- Task details -
Omit every image, and transcribe the remaining entries exactly as given.

- The data -
*** Block opens ***
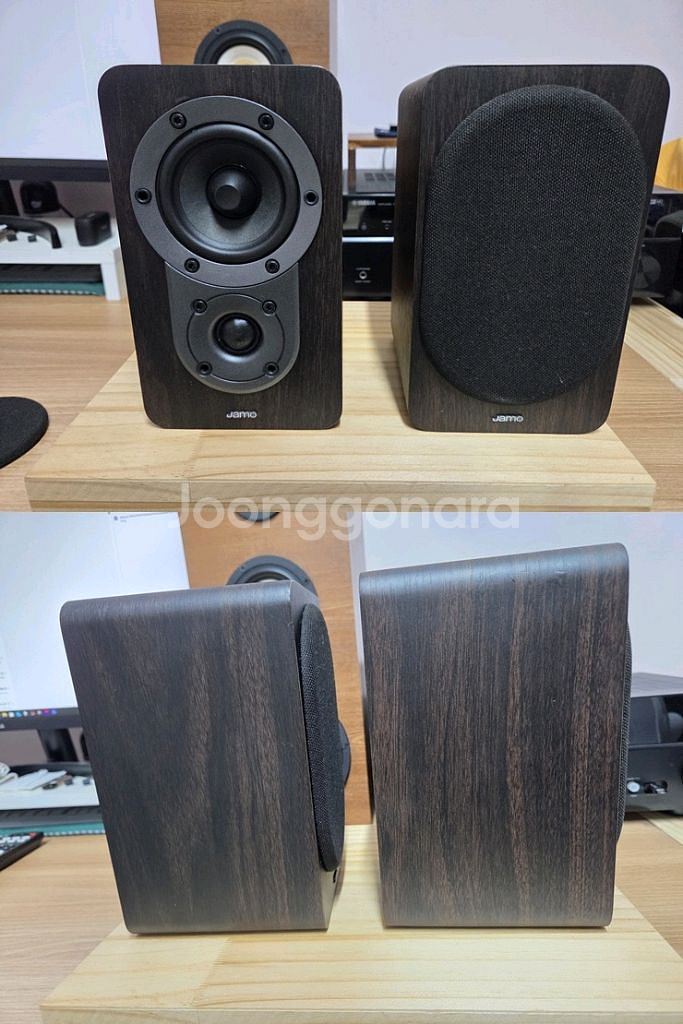 데논 RCD-M41&북쉘프스피커&액티브서브우퍼--5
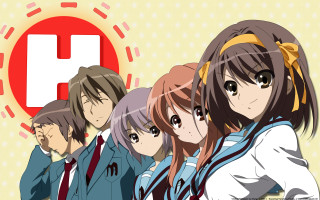 Anime girls red circle letter - a red circle free wallpaper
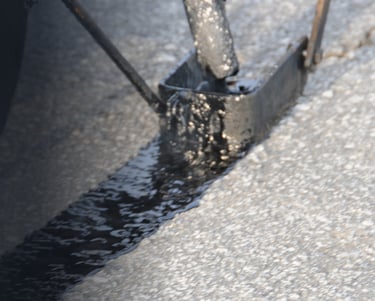 Asphalt crack repair in Auburn, Alabama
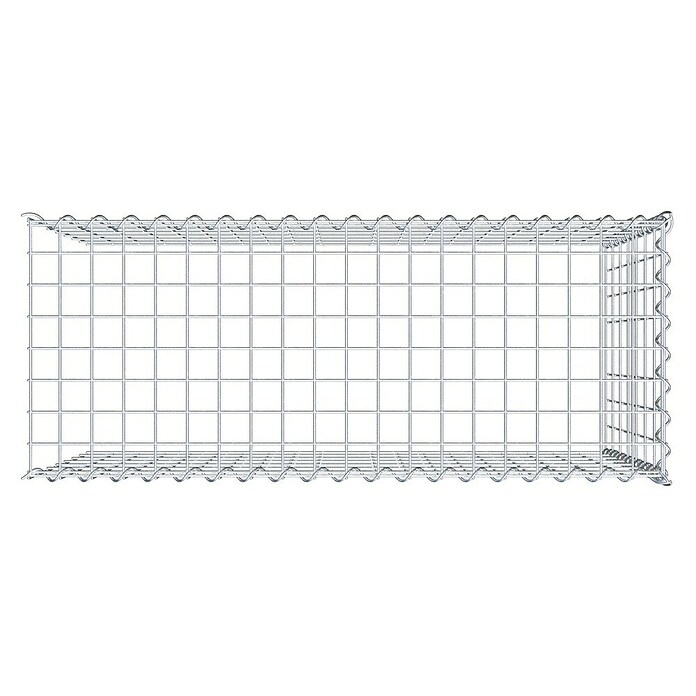 Gabiona Gabione Typ 4 (Zum Anbau in Länge & Höhe, 100 x 40 x 70 cm, Stahl, Maschenbreite: 50 mm, Maschenhöhe: 100 mm, Spirale) | BAUHAUS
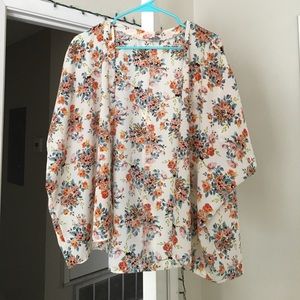 Charlotte Russe Floral Kimono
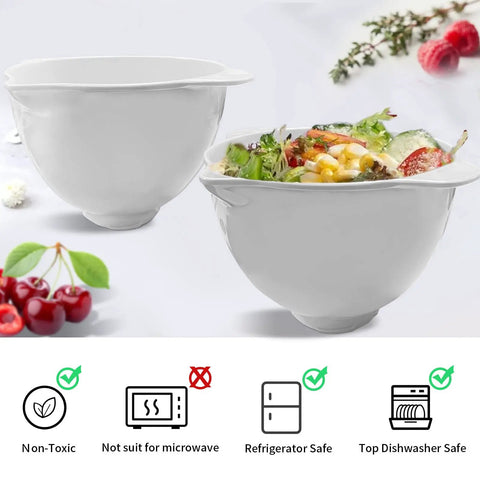 Food Grade Plastic Mixer Bowl For Tilt Head Stand Mixers Four And A Half Quart And Five Quart Built To Last, White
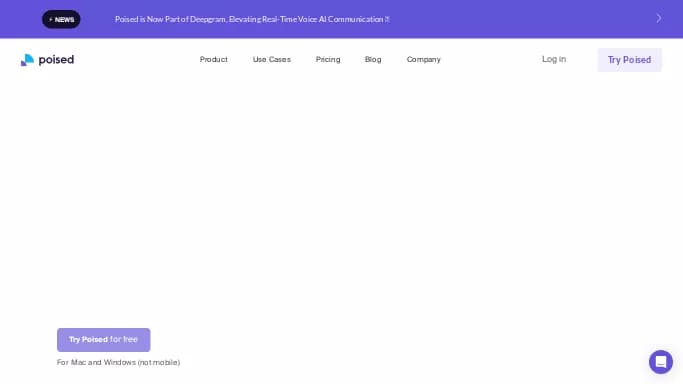 Poised — платная нейросеть   для повышения продуктивности, для помощи в автоматизации. Бесплатная версия с ограниченным функционалом, есть платные тарифы.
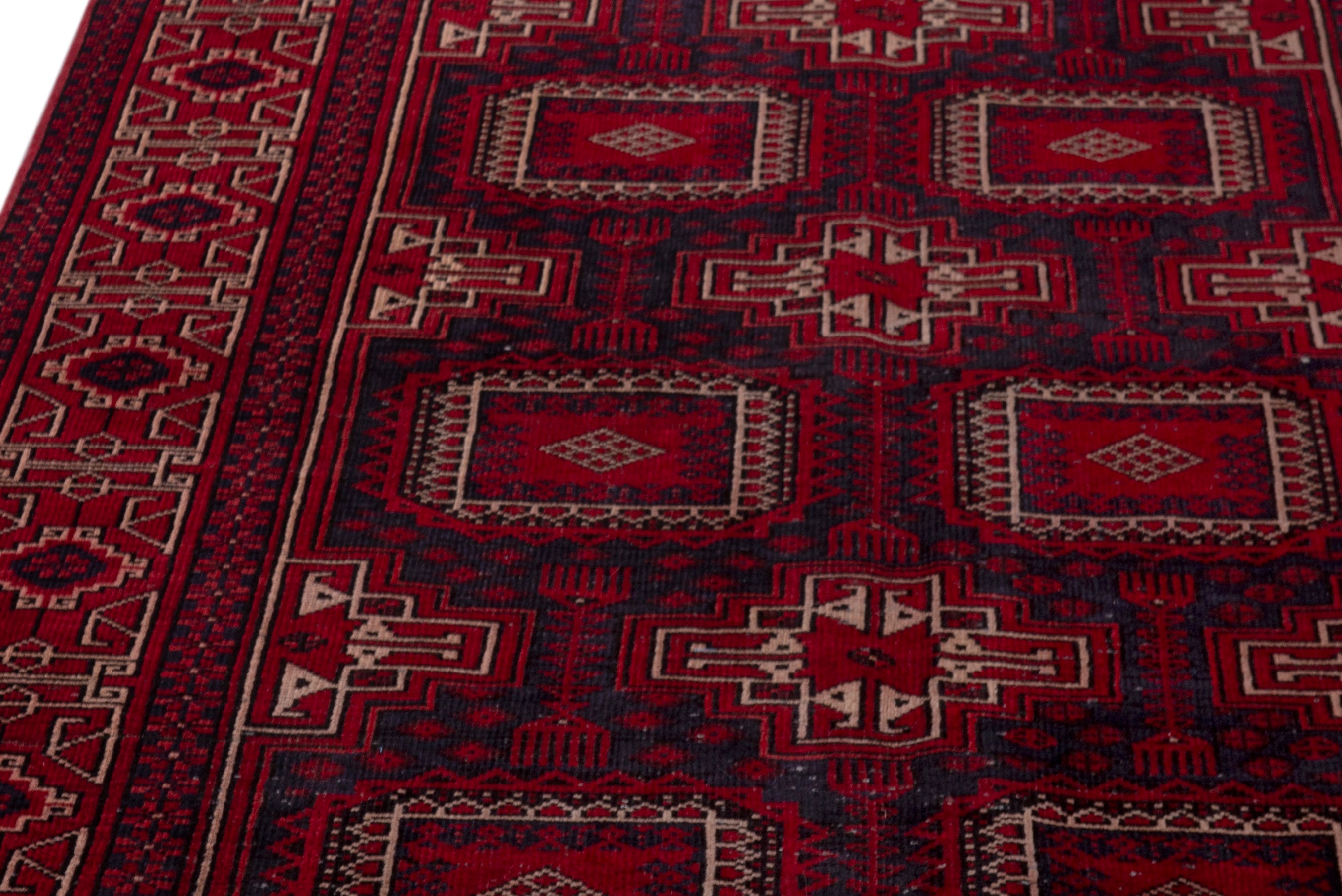 Persian Baluch runner rug in burgundy and deep red, view 10 of 21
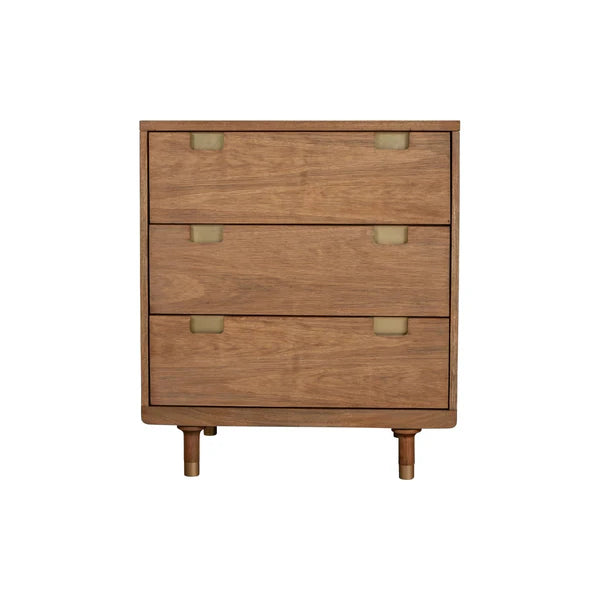 Easton Three Drawer Small Chest: Modern Storage in a Compact Design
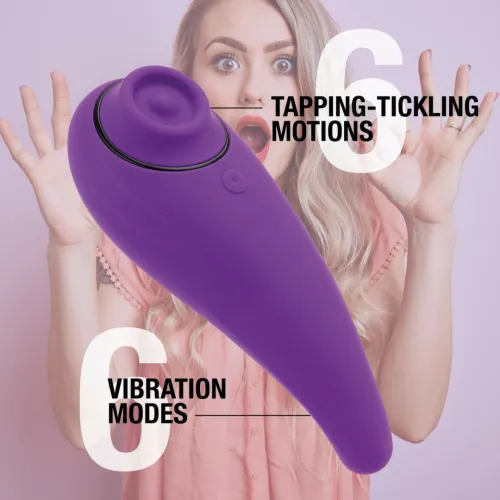 feelztoys femmegasm fioletowy - wibrujący stymulator punktowy ipx6 na Arena.pl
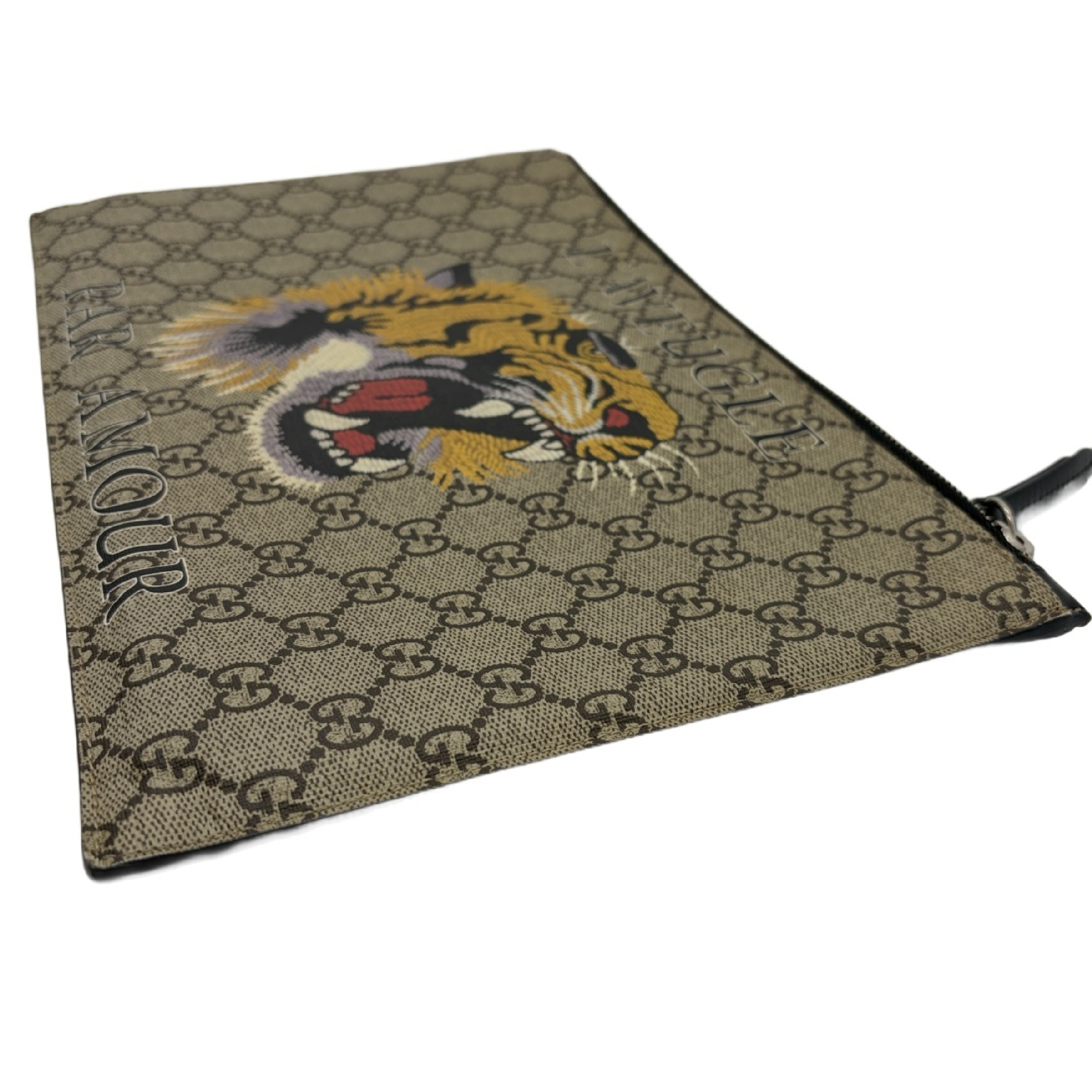 GG Supreme Angry Cat Clutch Bag — view 7
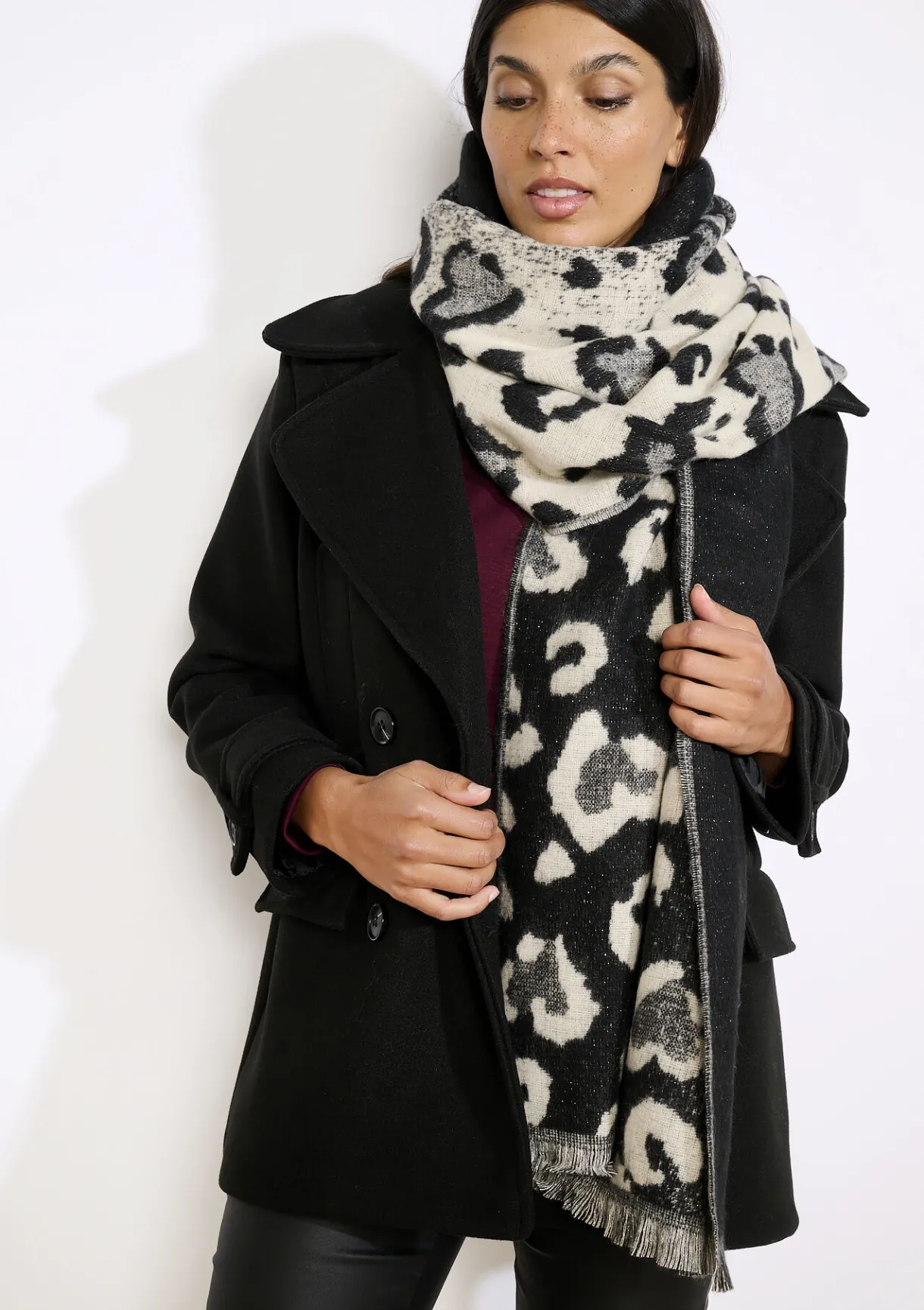 LolaLiza Sjaal met luipaardmotief- Accessoires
*** Block closes ***
- Response to the exercise -
 데논 RCD-M41&북쉘프스피커&액티브서브우퍼--5
 Anime girls red circle letter - a red circle free wallpaper
 Asphalt crack repair in Auburn, Alabama
 Gabiona Gabione Typ 4 (Zum Anbau in Länge & Höhe, 100 x 40 x 70 cm, Stahl, Maschenbreite: 50 mm, Maschenhöhe: 100 mm, Spirale) | BAUHAUS
 Charlotte Russe Floral Kimono
 Food Grade Plastic Mixer Bowl For Tilt Head Stand Mixers Four And A Half Quart And Five Quart Built To Last, White
 Poised — платная нейросеть   для повышения продуктивности, для помощи в автоматизации. Бесплатная версия с ограниченным функционалом, есть платные тарифы.
 Persian Baluch runner rug in burgundy and deep red, view 10 of 21
 Easton Three Drawer Small Chest: Modern Storage in a Compact Design
 feelztoys femmegasm fioletowy - wibrujący stymulator punktowy ipx6 na Arena.pl
 GG Supreme Angry Cat Clutch Bag — view 7
 LolaLiza Sjaal met luipaardmotief- Accessoires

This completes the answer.